Con la intención de poner un poco de orden a semejante enjambre de compuestos, se establecen una serie de criterios con los que poder nombrar sin ambigüedades a cada uno de ellos (nomenclatura) y asignarles una fórmula única que los identifique (formulación). De ello se encargan la mencionada CAS, que edita el semanario de resúmenes Chemical Abstracts (CA) y mantiene la base de datos SciFinder, y la IUPAC (International Union of Pure and Applied Chemistry), cuyas recomendaciones para la formulación y la nomenclatura de los compuestos orgánicos e inorgánicos se recogen en dos publicaciones, conocidas como Libro Azul y Libro Rojo, respectivamente.

Las directrices marcadas por la IUPAC son aceptadas internacionalmente y, aunque en ocasiones provocan polémicas o discrepancias, coinciden en lo esencial con las del CAS. Con ellas, es posible asignar un nombre y una fórmula a cada sustancia, de manera unívoca e inequívoca. El aprendizaje y el dominio de estas normas puede resultar un auténtico quebradero de cabeza para los estudiantes de química, complicándose, además, por el uso extendido de nombres comunes, tradicionales o de antiguas nomenclaturas, actualmente en desuso pero que, en ocasiones, debido a la amplia difusión que tienen entre los químicos, los textos científicos o los catálogos comerciales, son aceptados (a veces a regañadientes), aunque no recomendados.

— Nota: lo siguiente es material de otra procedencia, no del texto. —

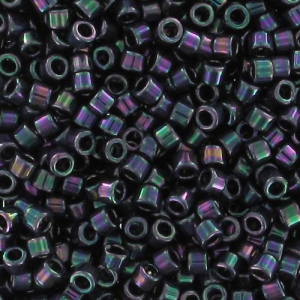 Miyuki Delica 11/0 DB1001 - Metallic Plum Emerald Gold Iris x8g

No hay que olvidar, tampoco, la importancia que tiene la traducción del inglés al castellano, pues los anglohablantes tienen la «mala» costumbre de adjetivar antes del nombre, algo que nos obliga a adaptar a nuestra lengua no solo los nombres de los compuestos, sino también el orden que deben tener cada una de las palabras en el nombre. Por ejemplo, la sal común es, químicamente, una sal binaria formada por cloro y sodio. Los ingleses denominan a este compuesto sodium chloride, y en la fórmula aparecen en ese mismo orden, NaCl. Sin embargo, en castellano no tendría sentido decir sodio cloruro, como si sodio fuese un adjetivo, y optamos por invertir el orden de las palabras, de lo que resulta el nombre cloruro de sodio (o cloruro sódico). A veces resulta útil recurrir a nuestros conocimientos elementales de inglés para leer adecuadamente las fórmulas, no de izquierda a derecha, que sería lo natural, sino de derecha a izquierda. Esto, que parece una tontería, antes no se hacía, y en algún libro antiguo aún podemos encontrar ejemplos del tipo ClNa, con los elementos situados en el mismo orden en el que aparecen en el nombre, pero esta costumbre afortunadamente desapareció, adoptándose internacionalmente el orden inglés, lo cual ha facilitado enormemente la comunicación científica a nivel global (aunque a todos los hispanohablantes nos hubiese gustado que la opción elegida fuera la nuestra…).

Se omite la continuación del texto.